Auffällig wurde der junge Mann schon im Alter von 14 Jahren. Da meldete seine Schule beim Verfassungsschutz seine radikalen Tendenzen. Vier Jahre später gründete er die Bewegung Ansar und sprach Menschen auf der Straße an. "Um zu missionieren", wie die Staatsanwältin überzeugt ist. Medial bekannt wurde der Mann erstmals, als er in der St. Pöltener Uniklinik Islam-Unterricht gab. In einem Gerichtsverfahren wurde er damals im Zweifel freigesprochen.
Ein "Wissender"
Doch die Anklägerin ist überzeugt: Der junge Mann will ein religiöser Führer und Lehrer sein, ein "Wissender". "Er will die Lücke füllen, will der nächste dschihadistische Prediger in Österreich werden."
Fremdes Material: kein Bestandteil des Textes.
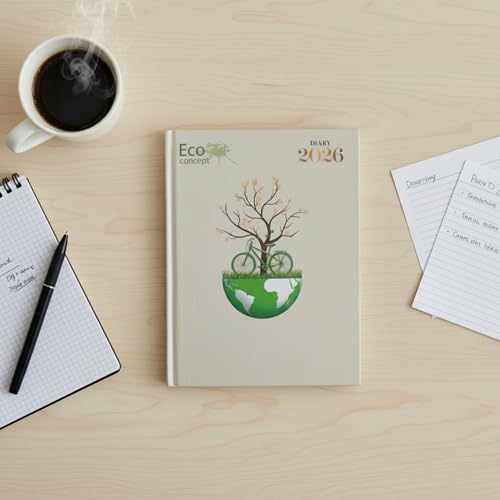 Image of TULMAN Yearly Organizer 2026 Diary, B5 Size (23 x 18 cm) Hardbound Planner with premium Design, Daily Writing Journal, Office & Study Organizer, Perfect for Students, Professionals (1, White)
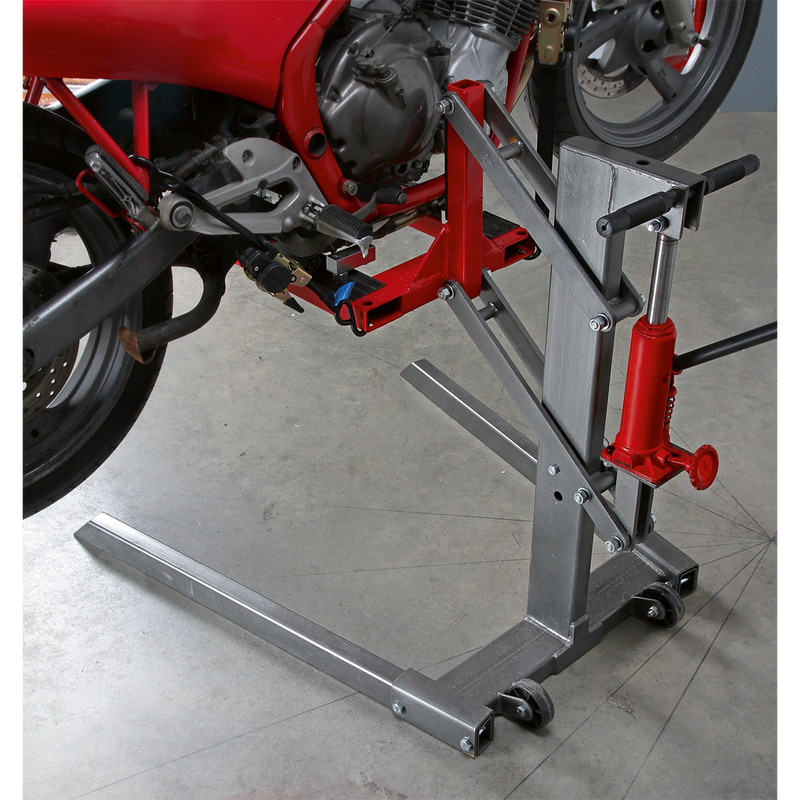 Sealey Single Post Hydraulic Motorcycle Lift 450kg Capacity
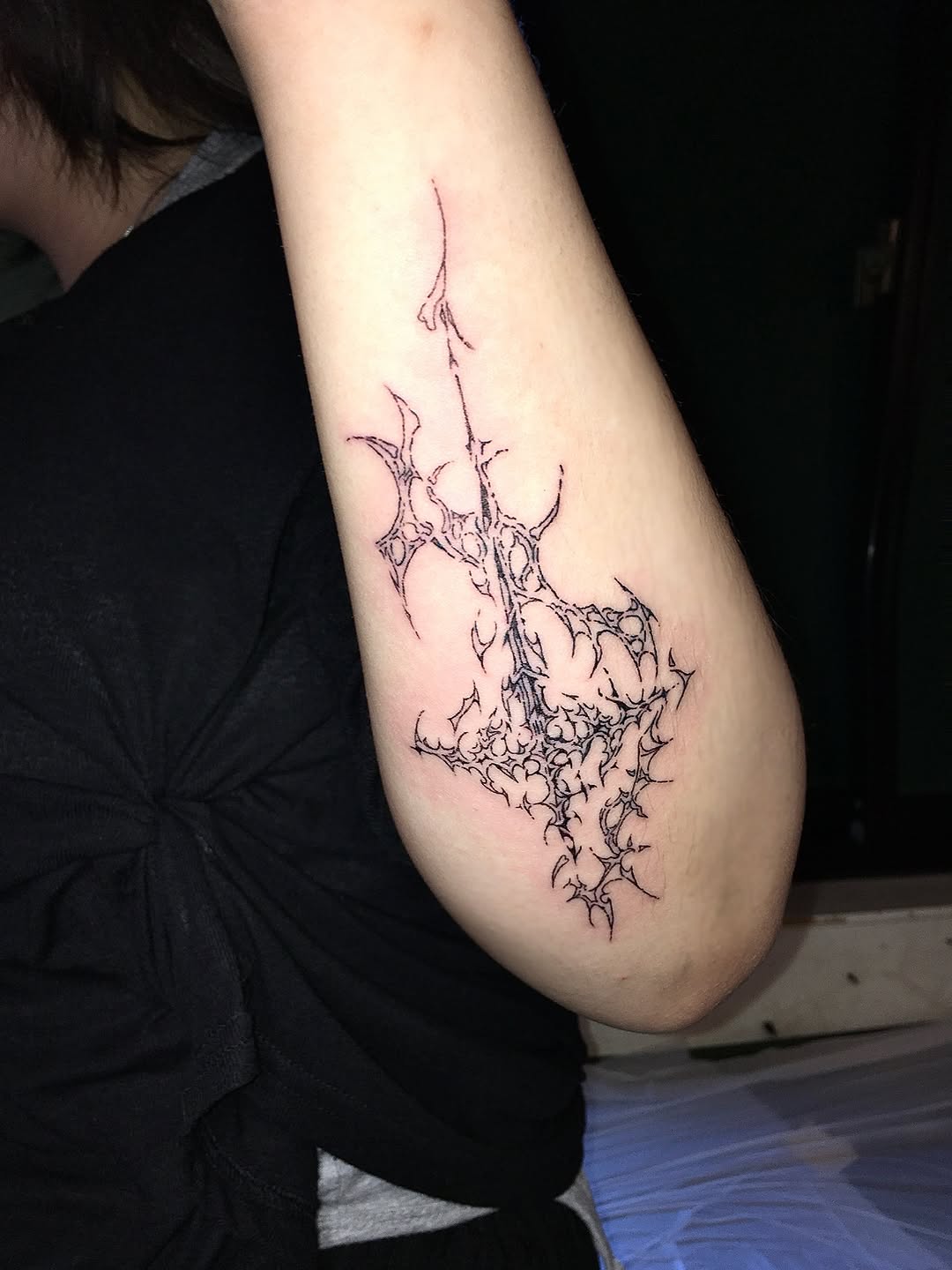 Tattoo by @nekult_tt — blackwork, fine_line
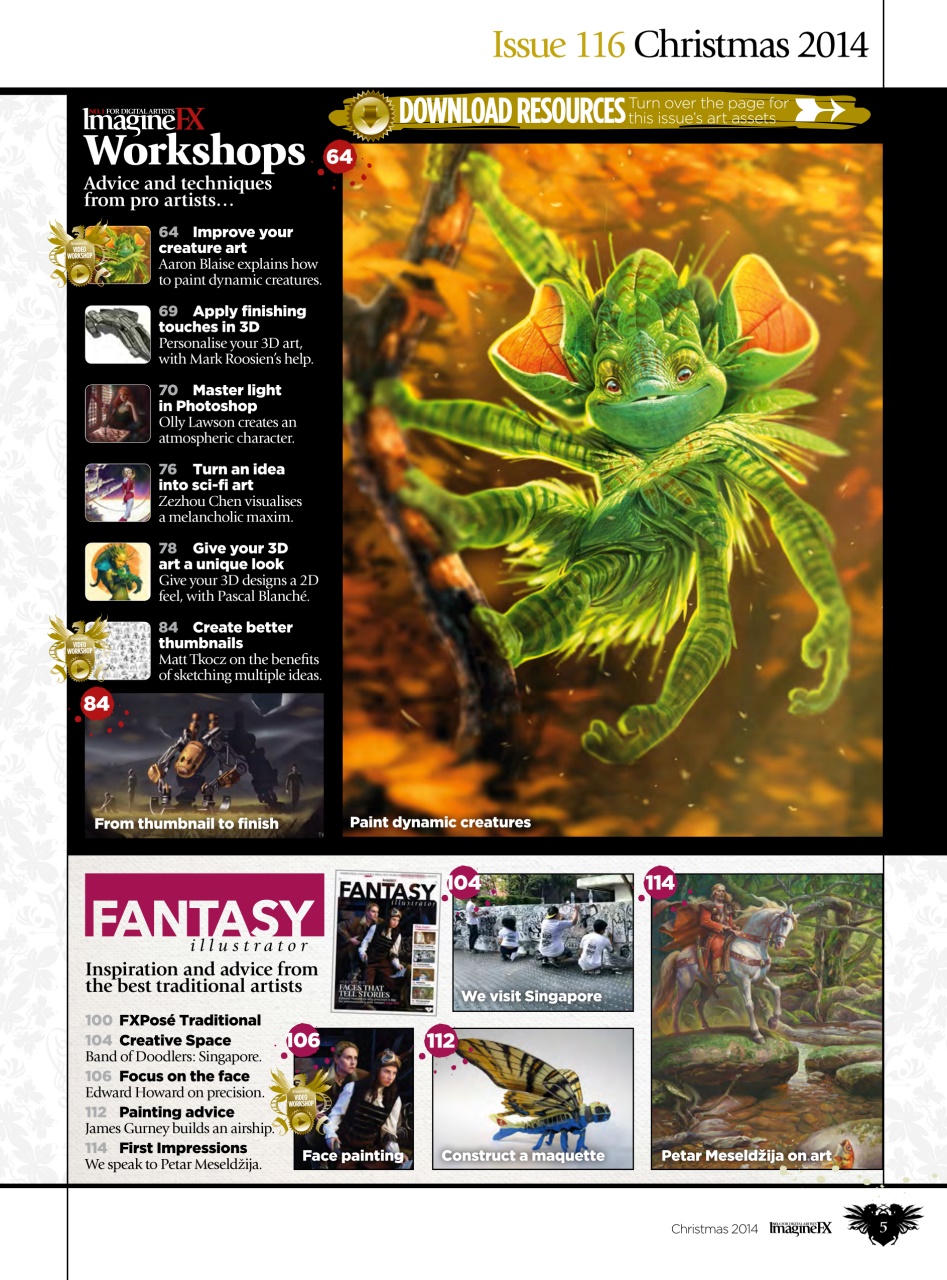 ImagineFX Preview Pages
Dass der 24-Jährige reden kann, beweist er vor Gericht. Wortreich erklärt er seine Ansichten, unterstreicht sie mit Handbewegungen. Doch mit dem Islamischen Staat will er rein gar nichts zu tun haben. "Nicht schuldig", erklärt er.
Isolationshaft
Sein Verteidiger Sascha Flatz sieht die Anklage als völlig übertrieben. "Selbst wenn er ein Salafist ist, ist das nicht strafbar. Wir haben Religionsfreiheit." Sein Mandant befinde sich seit zwei Jahren in Isolationshaft. Nach zehn Monaten durfte ihn seine Familie erstmals besuchen. "Seit zwei Wochen darf er das Fenster öffnen."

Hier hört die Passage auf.